# Only differences in chemical potential have physical meaning?

Is the statement in the title true? Does the chemical potential of a single pure substance that does not undergo any chemical reactions or phase changes have any physical meaning?

I would say no. The chemical potential is directly equal to the Fermi energy in some ideal ($T=0$) systems. This chemical potential is dependent on electron mass, number of electrons and volume.

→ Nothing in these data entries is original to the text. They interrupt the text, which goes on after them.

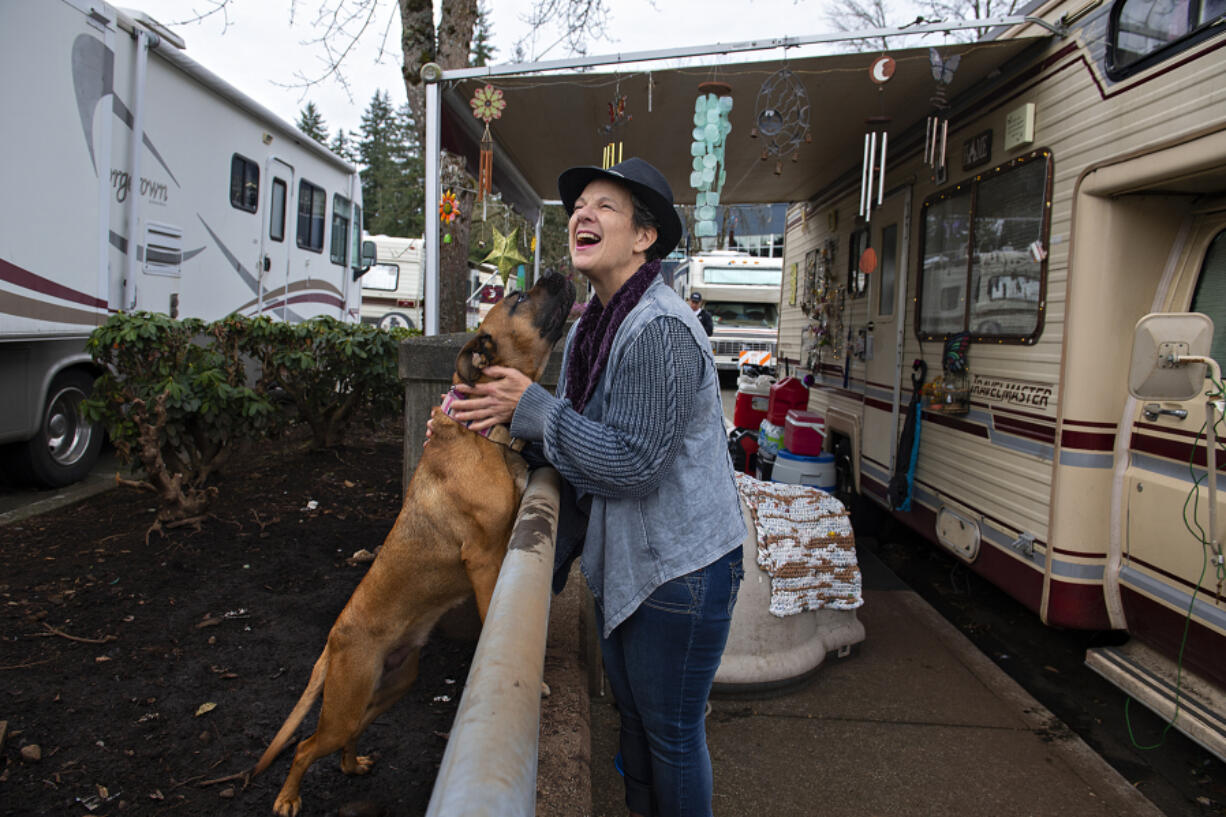 Raelene Boyle, who has used Vancouver's Safe Parking Zone for about a year, shares a playful moment with her dog, Liberty, 1 1/2 , on Wednesday. Boyle said the shelter program has been a lifesaver and gave her a chance for a new start. "All things can be made beautiful," she said.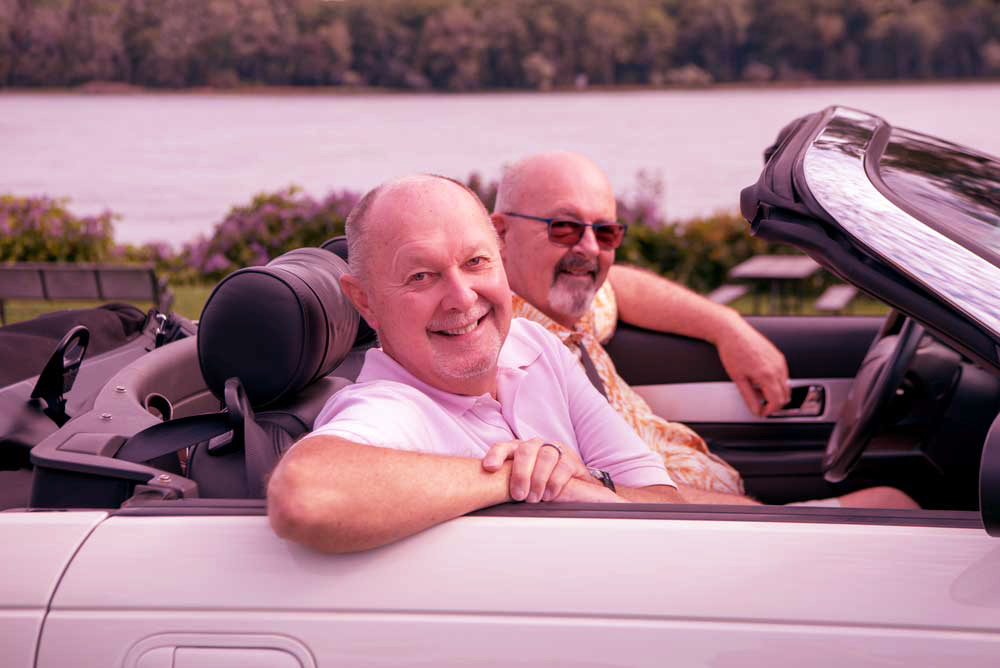 Older-male-LGBT-gay-couple-enjoying-a-sunny-day-and-driving
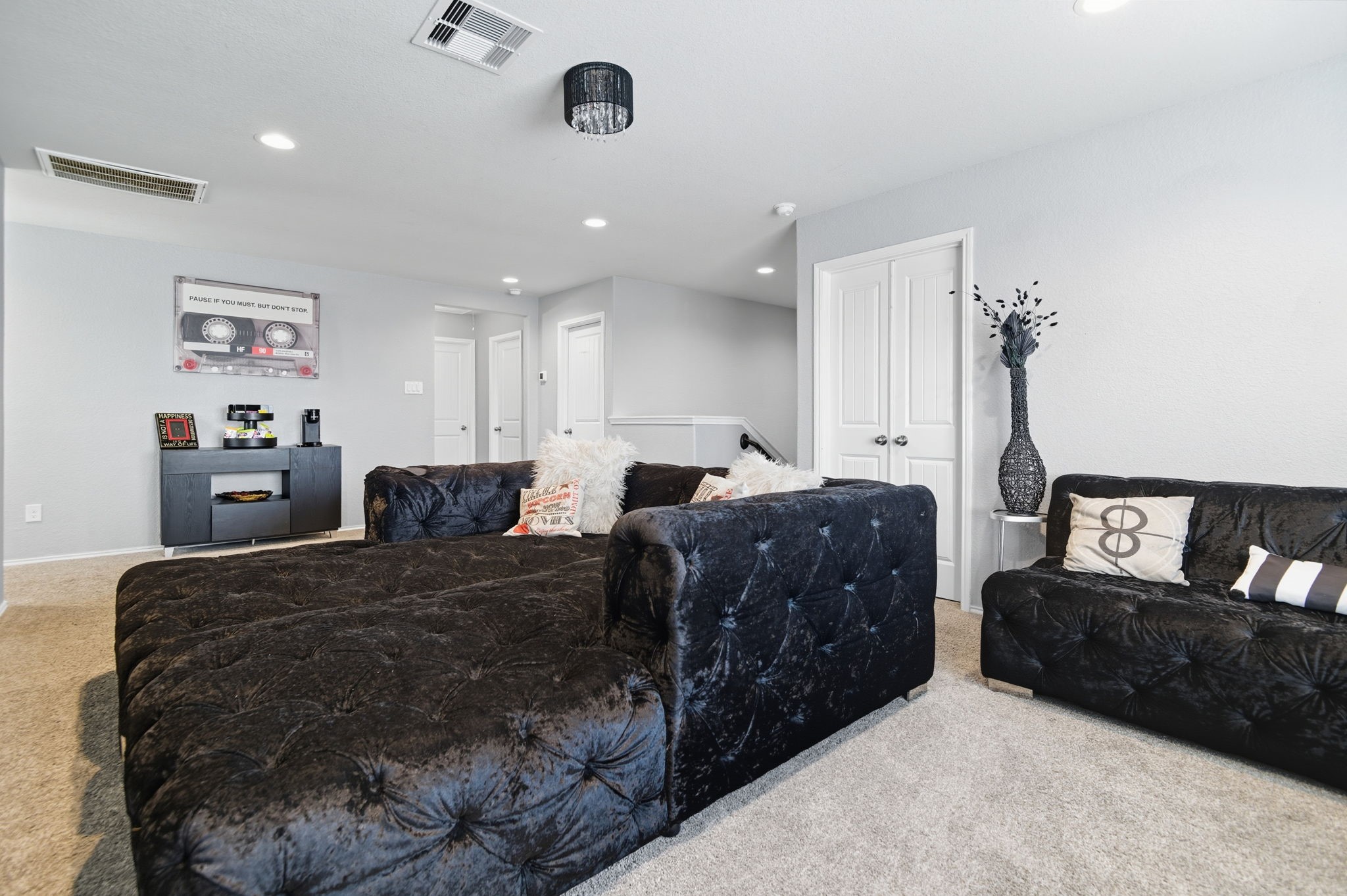 935 Bright Lotus Lane Rosharon, TX 77583 - Photo 10 of 18 a large bedroom with a bed a couch and a view of kitchen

Yes. Irrespective of the phase or reaction, chemical potential refers to the change in total free energy (Gibbs free energy) with the change in number of particles of the system. Fundamental definition is $\mu = \frac{\partial G}{\partial n}$ where n represents the number of particles in the system and G the total Gibb's free energy. For a pure substance total free energy is the product of the number of moles and molar Gibbs free energy ($G = n G_m$). For a pure system, adding a new particle does not change the environment (meaning dilute the system) and hence the above relation. Hence for such systems the derivative is simply the molar Gibb's free energy ($\mu = G_m$). For ideal gases, one can use fundamental property relation of $dG$ with pressure $P$ to calculate the dependency of $\mu$ with $P$ (under NO phase change even). For ideal gases this reads as $\mu = \mu_0 + RTlog(P/P_0)$. All one can say is that the base chemical potential $\mu_0$ is arbitrary and hence $\Delta \mu$ has real physical meaning. Probably for ideal gases, this may not be evident. But it is very evident for real gases and liquids.